Late Review: Big Hero 6
I’d been curious about Big Hero Six since I started seeing concept art nearly a year ago as the first joint Marvel/Disney’s joint project since Disney’s purchase of Marvel comics. I’d been skeptical about it of course. I especially had mixxed feelings about moving the concept from Japan to this strange fusion of Tokyo and San Francisco the bit that stuck in my mind was reimagining the Golden Gate Bridge with red torii gates.
To be honest I had no idea what to expect. You have to be a REAL comic book nerd to have even heard of Big Hero 6 they were sort of a Japanese Avengers created to make the Marvel Universe seem more international as well as a way to use existing characters Silver Samurai and Sunfire. They pretty much consisted of a collection of anime cliches and the way the American public perceives Japanese popular culture. It never really impressed me.
So I went in knowing they were going to change everything (they pretty much had to since they didn’t have access to Sunfire and Silver Samurai) And pretty much went to see something where everything but the names were changed.
For the most part I really enjoyed it the city of “San Fransokyo” was fairly well realized with the Asian Fusion pervading everything. I liked the concept design and for the most part I enjoyed the voice acting (my favorite was Maya Rudolph as the main character’s aunt.) and the action and the comedy was right up on the usual level of quality I expect from these kinds of movies.

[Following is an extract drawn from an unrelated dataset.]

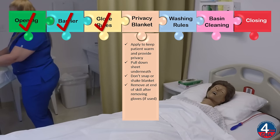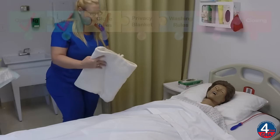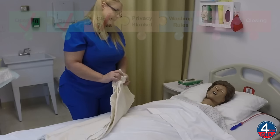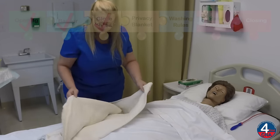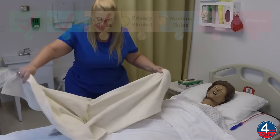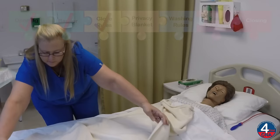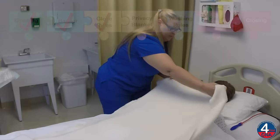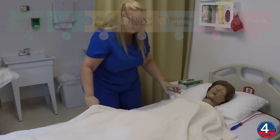I'll place the washcloth in there to stay warm, and I'm going to cover you with a privacy blanket. This is going to help protect your privacy and keep you warm while we do this skill. And I'm going to pull your sheet down to about your knees.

But despite enjoying it, I’m afraid it didn’t hold up very well to the usual nitpicking. As a fan of comic book movies I’m getting very tired of the mandatory origin story. It’s getting to the point where I find myself needing these movies to have a sequel not because I want one because the sequel is the real movie with the interesting plot and events. Because of this most of these movies as good as they frequently are suffer. By the time they get though all of the mandatory exposition their really isn’t any time for all of the other stuff. Because of this as good as the action scenes were it wasn’t what it could have been. (on a similar note I hate it when there’s only one villain in team titles. Even if that villain is more powerful than the whole team put together it still feels like the heroes are ganging up on the villain.
Then there are the plot holes. The biggest one that stuck out for me was as follows. If the villain is using the technology that he stole from the hero to the point he didn’t change the frequency of the control why didn’t the hero just make a new remote control and shut the whole thing down?
But other than those little things I enjoyed this movie quite a bit.